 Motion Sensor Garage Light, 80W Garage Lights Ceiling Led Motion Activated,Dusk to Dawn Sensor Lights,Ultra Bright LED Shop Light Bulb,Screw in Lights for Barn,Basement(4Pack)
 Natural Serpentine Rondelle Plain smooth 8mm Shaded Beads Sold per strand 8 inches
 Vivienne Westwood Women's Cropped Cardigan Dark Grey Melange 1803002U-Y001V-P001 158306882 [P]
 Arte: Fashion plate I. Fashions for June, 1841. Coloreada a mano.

---

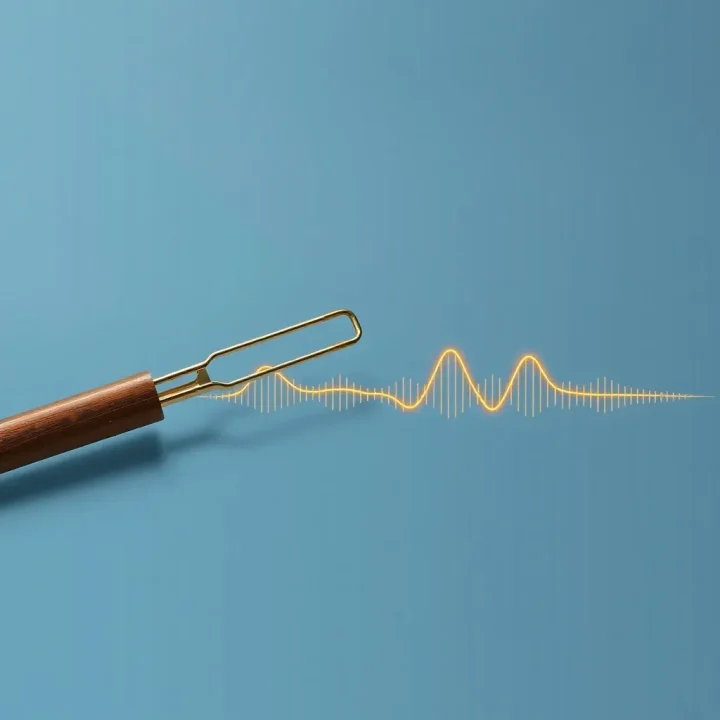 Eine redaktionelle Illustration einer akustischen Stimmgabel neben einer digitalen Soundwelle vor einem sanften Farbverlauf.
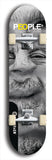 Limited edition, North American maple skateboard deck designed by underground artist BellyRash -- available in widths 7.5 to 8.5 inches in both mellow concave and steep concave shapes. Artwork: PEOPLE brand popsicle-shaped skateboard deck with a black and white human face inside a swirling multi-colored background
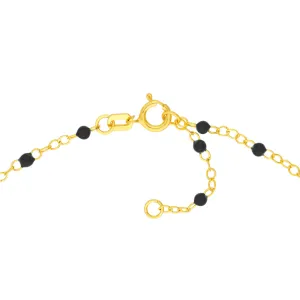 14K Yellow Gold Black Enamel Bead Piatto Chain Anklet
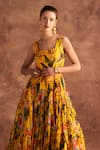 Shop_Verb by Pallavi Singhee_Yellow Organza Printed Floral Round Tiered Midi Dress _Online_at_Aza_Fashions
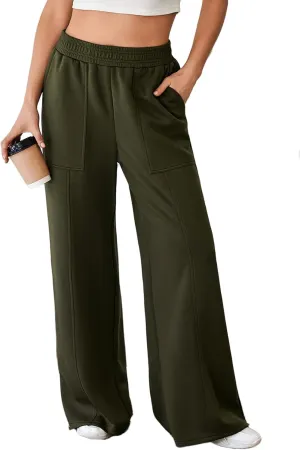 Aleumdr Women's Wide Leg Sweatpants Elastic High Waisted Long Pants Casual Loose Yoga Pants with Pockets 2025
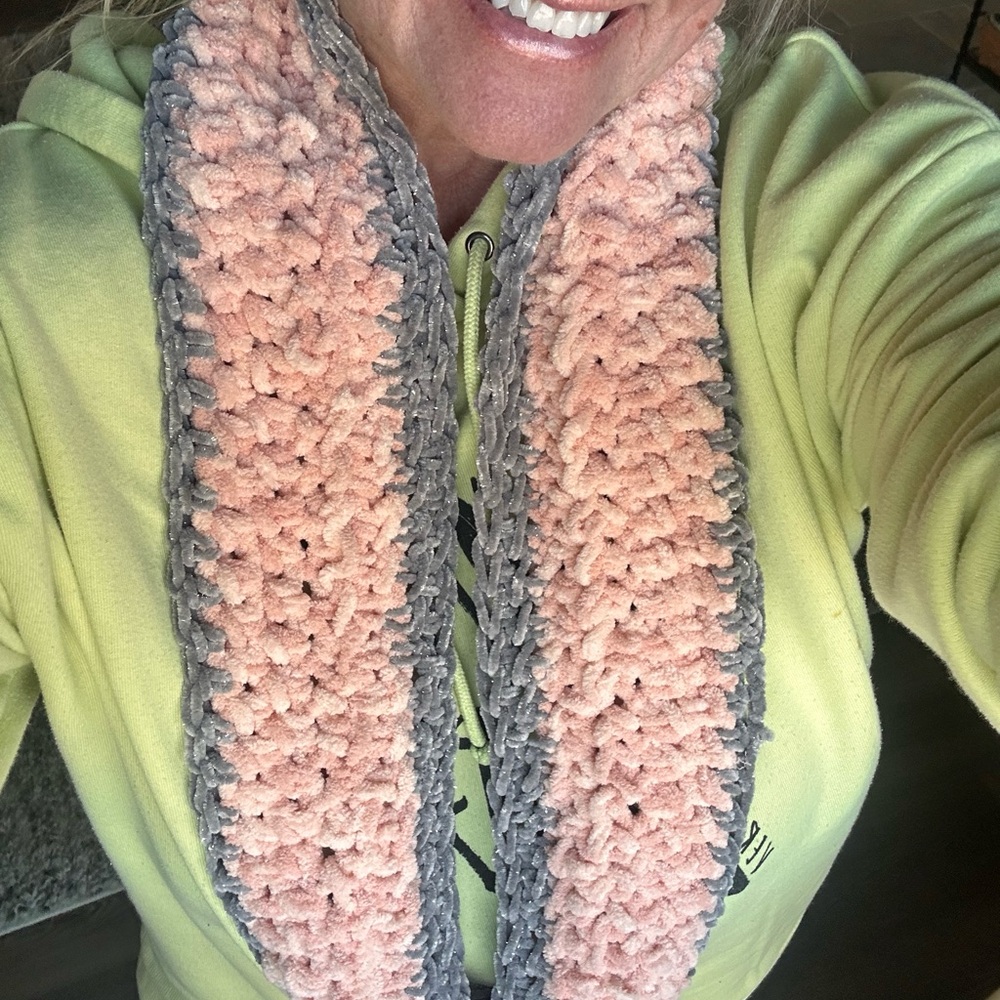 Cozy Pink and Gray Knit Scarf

* * *

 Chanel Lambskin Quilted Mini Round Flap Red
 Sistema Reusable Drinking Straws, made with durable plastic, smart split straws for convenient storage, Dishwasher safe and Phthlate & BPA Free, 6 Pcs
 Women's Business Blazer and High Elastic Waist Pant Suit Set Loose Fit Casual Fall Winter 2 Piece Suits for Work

» Problem requirements
Print the lines above from the one with "Chanel Lambskin Quilted Mini Round Flap Red" through the one with "Sistema Reusable Drinking", both included, exactly as written and nothing more.

» Answer to the exercise
 Chanel Lambskin Quilted Mini Round Flap Red
 Sistema Reusable Drinking Straws, made with durable plastic, smart split straws for convenient storage, Dishwasher safe and Phthlate & BPA Free, 6 Pcs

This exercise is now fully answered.